My role in academia consists largely of coordinating activities in technology to support the teaching, learning, and research needs of our campus. Most technology leaders fulfill a similar role. In academia, the mission of information technology is to support the campus.
However, technology folks sometimes do need to initiate our own change. Often this is due to upgrades or new systems, but also this is because we see an opportunity and want to help the campus move forward. In these cases, technology needs to tread carefully. If the technology unit of a campus were to directly suggest a change to how faculty engage in teaching and learning, the faculty would see IT as intruding on the academy.
In these circumstances, the question we face is "How can we successfully lead through change with faculty?" The answer is "Carefully."

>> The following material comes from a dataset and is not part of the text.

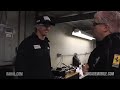Engage Mobile Presents "The Art of the Verizon IndyCar Pit Stop" with RLL Racing using Google Glass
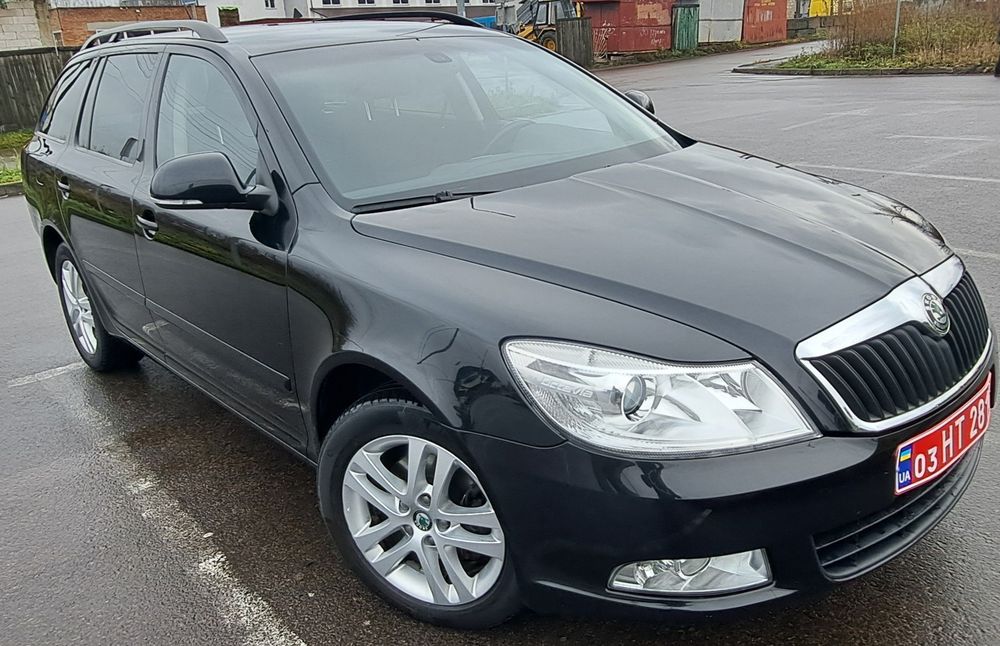 Продам автомобіль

You may be familiar with the three lens approach to leading an organization:
In leadership, these three lenses play an important role in guiding decisions. They each are important, but must be considered together. For example, strategic action requires having the right people on the right tasks at the right time. For those strategic plans to have broad effect, leaders need to cultivate support from across the organization, within and without, to ensure success. But the culture of the organization can shape the meaning of the action, and how well a particular decision "meshes" with its recipients often tips the balance to success or failure.
I try to use the three lens approach as my benchmark in bringing any change to my campus. This method has helped to shape how I communicate about a change, serving as a reminder to consider how the change addresses the strategies, politics, and culture of my audience.
While the three lenses remain a strong foundation for leadership, I find they bring a somewhat limited view towards leading through change. Over the years, I have modified the three lens approach into a new model, which succinctly prepares me as I consider any new change. This new model is a series of three simple questions designed to uncover the need for the change, its support, and its possible reception.
In my experience, successful change hinges on these three key questions:
- Is it the right thing to do?
- Are the right people behind the idea?
- Are people ready to accept the change?
The first two items in my list have direct parallels to the "Strategic" and "Political" lenses of management. However, the third item differs from "Cultural" in a subtle but important way. Matching the culture is an important part of getting people ready to accept a change. But in order for that change to "stick," your users must be ready to accept the change.
There are many signs that can indicate users are ready to accept a change. Dissatisfaction in the status quo, or simply a desire for something new. It depends on what the change is about, so leaders need to look carefully at what they are changing, why they are changing it, and why their users will care. Watch for opportunities, influence where necessary, and be prepared to act when conditions are right.